Argentina serviced the Brady Bonds until its default in 2001.  In January 2005, Argentina launched an invitation to holders of 152 different series of securities on which it had defaulted in 2001, including certain Brady Bonds, to exchange their defaulted debt for new securities (see Form 424B5 filed by the Republic of Argentina on 1/12/05, file no. 333-117111).  In April 2010, Argentina launched an invitation to holders of the securities issued in the 2005 Debt Exchange and of 149 different series of securities on which it had defaulted in 2001 to exchange such debt for the new securities and, in certain cases, a cash payment (see Form 424B5 on 4/28/10, file no. 333-163784). 

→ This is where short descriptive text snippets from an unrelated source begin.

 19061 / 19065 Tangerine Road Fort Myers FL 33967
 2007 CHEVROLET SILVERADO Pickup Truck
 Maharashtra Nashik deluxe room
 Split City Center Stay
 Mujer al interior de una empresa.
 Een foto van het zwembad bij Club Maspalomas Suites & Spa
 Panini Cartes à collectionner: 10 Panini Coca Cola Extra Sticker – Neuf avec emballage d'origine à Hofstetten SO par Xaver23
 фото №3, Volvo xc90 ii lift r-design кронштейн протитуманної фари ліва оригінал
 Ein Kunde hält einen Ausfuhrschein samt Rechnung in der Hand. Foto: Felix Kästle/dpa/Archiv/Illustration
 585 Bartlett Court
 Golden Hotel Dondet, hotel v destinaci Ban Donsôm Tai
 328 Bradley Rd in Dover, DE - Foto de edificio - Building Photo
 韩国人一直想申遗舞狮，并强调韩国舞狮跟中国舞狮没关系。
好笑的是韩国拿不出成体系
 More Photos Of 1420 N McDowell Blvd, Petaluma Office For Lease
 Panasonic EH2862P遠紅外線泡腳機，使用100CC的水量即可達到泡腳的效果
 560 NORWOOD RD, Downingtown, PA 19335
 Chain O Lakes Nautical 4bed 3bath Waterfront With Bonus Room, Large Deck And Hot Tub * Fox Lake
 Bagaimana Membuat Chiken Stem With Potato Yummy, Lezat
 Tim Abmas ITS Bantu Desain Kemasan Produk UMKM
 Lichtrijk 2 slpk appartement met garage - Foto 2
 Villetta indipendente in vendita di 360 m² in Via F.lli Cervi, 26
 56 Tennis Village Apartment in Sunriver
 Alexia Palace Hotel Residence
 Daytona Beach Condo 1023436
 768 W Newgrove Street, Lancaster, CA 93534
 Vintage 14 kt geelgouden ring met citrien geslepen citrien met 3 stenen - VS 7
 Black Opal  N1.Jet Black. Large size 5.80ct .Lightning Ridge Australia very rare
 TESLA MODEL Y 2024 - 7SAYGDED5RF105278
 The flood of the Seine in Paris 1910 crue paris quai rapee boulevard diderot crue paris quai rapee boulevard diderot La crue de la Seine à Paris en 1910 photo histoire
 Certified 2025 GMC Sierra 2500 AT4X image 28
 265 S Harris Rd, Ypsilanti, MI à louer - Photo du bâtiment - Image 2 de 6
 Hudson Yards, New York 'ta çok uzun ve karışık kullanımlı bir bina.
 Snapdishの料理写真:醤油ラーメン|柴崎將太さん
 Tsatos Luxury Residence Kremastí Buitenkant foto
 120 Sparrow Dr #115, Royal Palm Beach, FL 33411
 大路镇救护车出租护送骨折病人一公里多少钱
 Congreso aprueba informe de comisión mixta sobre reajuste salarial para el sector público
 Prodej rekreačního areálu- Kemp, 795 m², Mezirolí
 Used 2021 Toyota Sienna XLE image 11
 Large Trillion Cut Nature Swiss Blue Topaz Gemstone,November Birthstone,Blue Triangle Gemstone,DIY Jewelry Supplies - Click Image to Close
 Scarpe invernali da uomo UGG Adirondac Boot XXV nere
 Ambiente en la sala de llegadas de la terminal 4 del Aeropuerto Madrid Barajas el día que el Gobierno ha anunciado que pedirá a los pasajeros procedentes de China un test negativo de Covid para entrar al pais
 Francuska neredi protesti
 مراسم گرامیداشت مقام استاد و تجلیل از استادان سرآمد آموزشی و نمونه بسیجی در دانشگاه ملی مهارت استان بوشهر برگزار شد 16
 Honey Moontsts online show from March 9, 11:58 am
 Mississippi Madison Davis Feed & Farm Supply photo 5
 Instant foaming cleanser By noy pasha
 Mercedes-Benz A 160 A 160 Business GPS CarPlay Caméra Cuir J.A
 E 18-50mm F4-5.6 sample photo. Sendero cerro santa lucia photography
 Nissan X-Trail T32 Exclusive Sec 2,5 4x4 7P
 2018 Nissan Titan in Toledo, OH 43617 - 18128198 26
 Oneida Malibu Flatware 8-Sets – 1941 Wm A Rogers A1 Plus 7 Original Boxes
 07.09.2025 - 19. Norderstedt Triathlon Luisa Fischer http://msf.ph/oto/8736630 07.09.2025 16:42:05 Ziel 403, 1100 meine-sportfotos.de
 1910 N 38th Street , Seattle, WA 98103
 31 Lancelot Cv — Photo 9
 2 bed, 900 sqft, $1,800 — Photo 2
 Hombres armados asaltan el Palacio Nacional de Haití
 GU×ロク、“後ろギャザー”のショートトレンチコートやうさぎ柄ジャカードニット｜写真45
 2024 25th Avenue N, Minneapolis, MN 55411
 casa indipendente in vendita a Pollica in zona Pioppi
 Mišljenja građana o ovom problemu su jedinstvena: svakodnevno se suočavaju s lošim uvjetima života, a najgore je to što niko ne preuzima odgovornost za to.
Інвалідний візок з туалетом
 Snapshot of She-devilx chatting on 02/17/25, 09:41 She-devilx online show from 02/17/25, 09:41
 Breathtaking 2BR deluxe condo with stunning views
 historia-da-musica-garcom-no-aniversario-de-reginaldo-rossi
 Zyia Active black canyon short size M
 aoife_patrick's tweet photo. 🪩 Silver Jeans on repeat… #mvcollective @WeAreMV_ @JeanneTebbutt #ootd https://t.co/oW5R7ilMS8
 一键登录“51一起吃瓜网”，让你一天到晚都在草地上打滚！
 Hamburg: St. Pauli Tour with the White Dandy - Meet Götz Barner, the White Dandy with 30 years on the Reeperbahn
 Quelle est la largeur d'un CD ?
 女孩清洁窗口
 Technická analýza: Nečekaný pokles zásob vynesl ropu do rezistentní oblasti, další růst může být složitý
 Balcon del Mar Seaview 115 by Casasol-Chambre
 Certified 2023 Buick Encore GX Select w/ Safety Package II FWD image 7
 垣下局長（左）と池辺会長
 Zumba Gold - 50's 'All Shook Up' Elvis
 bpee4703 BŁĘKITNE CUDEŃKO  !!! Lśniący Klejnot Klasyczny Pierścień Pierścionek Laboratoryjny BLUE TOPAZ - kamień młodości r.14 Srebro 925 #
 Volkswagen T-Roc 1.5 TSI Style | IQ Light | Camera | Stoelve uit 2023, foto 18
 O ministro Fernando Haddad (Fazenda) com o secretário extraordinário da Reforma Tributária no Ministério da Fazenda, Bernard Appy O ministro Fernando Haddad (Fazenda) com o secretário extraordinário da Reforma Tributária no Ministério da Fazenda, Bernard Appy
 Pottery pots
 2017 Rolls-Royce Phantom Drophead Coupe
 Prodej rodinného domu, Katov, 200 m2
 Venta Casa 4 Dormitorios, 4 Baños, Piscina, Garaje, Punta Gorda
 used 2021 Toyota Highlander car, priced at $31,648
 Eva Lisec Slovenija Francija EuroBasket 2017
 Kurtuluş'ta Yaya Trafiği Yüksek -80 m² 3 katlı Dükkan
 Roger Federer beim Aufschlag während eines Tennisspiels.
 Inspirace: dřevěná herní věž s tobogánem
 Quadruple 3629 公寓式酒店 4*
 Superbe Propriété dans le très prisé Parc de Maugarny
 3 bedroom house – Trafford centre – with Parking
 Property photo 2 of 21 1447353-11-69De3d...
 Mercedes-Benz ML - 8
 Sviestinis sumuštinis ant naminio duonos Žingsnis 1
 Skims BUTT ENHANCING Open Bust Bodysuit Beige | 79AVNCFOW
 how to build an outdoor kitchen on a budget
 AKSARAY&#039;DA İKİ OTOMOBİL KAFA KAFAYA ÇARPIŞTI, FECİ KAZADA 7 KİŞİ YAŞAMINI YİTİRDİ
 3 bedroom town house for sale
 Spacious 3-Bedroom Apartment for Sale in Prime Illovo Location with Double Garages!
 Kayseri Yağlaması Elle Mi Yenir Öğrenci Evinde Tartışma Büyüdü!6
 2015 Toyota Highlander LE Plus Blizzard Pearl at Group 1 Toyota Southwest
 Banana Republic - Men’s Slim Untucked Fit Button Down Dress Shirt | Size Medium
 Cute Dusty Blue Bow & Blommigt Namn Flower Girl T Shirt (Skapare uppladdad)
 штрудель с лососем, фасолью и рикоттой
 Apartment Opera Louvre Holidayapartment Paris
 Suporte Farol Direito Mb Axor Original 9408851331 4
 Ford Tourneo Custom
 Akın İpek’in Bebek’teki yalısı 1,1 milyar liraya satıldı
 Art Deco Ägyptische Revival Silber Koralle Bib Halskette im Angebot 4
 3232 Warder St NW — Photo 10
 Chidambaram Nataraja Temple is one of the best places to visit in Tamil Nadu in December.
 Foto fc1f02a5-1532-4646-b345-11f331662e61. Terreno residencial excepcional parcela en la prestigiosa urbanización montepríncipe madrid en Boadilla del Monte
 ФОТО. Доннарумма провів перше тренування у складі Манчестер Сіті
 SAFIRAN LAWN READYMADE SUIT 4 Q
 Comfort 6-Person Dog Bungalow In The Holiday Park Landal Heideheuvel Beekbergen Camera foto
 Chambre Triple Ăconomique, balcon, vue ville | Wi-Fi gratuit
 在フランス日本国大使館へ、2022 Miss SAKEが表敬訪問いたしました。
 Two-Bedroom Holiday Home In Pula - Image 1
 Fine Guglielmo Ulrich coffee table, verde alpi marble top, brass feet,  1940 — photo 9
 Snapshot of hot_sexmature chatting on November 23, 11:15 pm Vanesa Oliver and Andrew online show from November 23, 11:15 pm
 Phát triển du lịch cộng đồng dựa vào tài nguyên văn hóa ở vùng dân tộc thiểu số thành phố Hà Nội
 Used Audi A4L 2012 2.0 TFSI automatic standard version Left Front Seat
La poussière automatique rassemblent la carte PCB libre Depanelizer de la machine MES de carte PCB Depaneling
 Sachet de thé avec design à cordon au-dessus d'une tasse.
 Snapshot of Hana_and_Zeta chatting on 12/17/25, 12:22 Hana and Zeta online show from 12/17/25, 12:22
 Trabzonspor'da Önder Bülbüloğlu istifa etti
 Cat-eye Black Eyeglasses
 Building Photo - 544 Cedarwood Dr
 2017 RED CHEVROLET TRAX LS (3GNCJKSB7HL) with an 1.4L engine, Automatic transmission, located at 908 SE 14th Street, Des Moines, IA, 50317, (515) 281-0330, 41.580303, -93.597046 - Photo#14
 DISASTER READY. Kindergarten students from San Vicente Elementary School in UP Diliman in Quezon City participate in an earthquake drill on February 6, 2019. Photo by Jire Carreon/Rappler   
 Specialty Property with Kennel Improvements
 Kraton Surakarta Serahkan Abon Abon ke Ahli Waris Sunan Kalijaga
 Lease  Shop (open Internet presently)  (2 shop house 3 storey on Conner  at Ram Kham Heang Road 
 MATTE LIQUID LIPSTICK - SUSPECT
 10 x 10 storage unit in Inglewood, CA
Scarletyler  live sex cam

Although many holders of Brady Bonds strongly expressed their desire to participate in the April 2010 exchange offer, Argentina could not include Brady Bonds in the April 2010 exchange offer on similar terms to its 2005 exchange offer, when holders of Brady Bonds received proceeds of the collateral securing those bonds as part of the offer, because of litigation.  Holders of certain Brady Bonds and Argentina have since obtained court relief that permits an extension of the April 2010 exchange offer to the holders of the Brady Bonds, subject to bondholder approval of proposed amendments to applicable collateral pledge and fiscal agency agreements.  The invitation to holders of eligible series of bonds is filed as a prospectus supplement on Form 424B5 filed 12/6/10, file no. 333-163784.

Friday, December 3, 2010

Wells Fargo Subsidiary Resumes CMO Offering Activity

Wells Fargo Asset Securities Corp., a steady issuer of pass-through certificates through 2007, has filed a shelf Registration Statement on Form S-3 to offer a new series of collateralized mortgage obligations.  When SEC file no. 333-170946 is declared effective, the subsequent prospectus supplement will be the first one filed by the subsidiary since a $216.8 million offering underwritten by Lehman Brothers dated 3/4/08. 

Acting as depositor, WFASC has registered CMO certificates for a proposed maximum aggregate offering of $33.2 billion.  Pursuant to 1933 Act Rule 415(a)(6), $22.1 billion of unsold securities from prior Registrations (333-150038 and 333-151061) are included in the new Registration. 

Seventeen classes of senior certificates and six classes of subordinated certificates are expected to be offered at varying prices to be determined at the time of sale.  The assets of the issuing entity will include a pool of fully amortizing, one- to four-family, fixed interest rate, non-relocation, residential first mortgage loans.